----- Recorded information

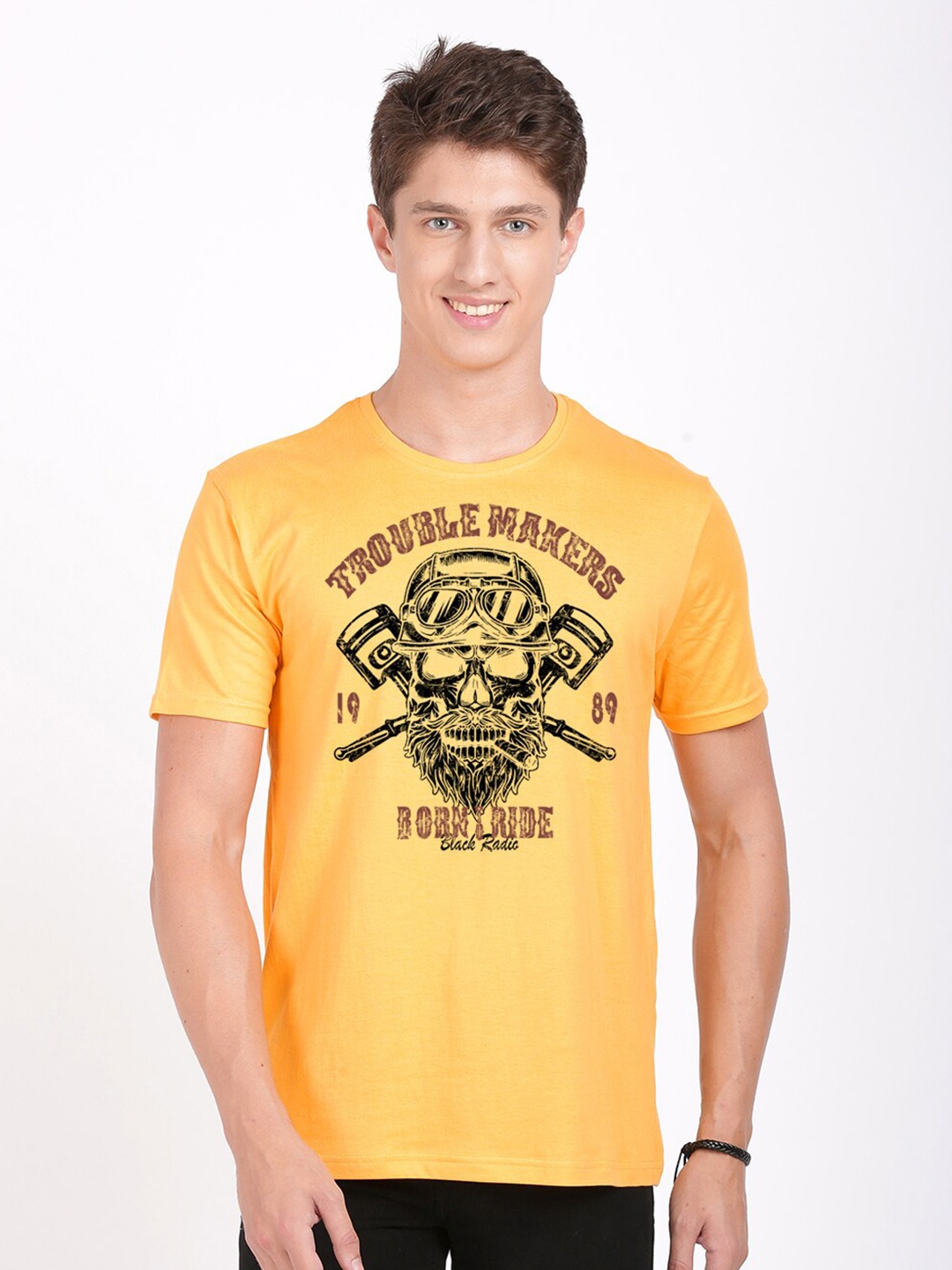 

BLACK RADIO Men Cotton Printed T-shirt, Yellow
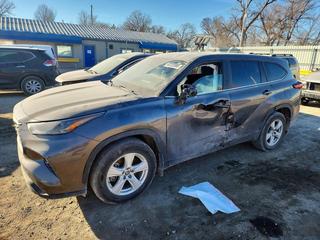 Toyota Highlander photographed at a US vehicle auction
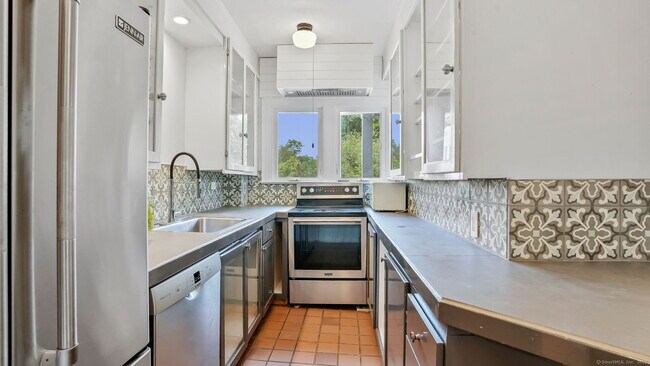 Building Photo - 75 W Parish Rd
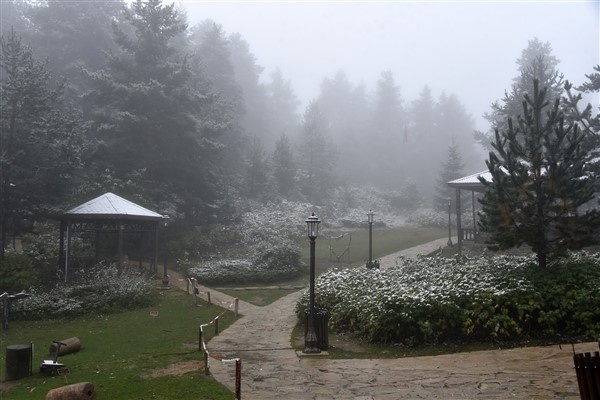 Limni Gölüne sezonun ilk karı yağdı 11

----------

### Problem description
Copy out the lines exactly as written, beginning with the one that contains "Toyota Highlander photographed" and ending with the last line of the material; do not include pictures.

### Response to the task
 Toyota Highlander photographed at a US vehicle auction
 Building Photo - 75 W Parish Rd
 Limni Gölüne sezonun ilk karı yağdı 11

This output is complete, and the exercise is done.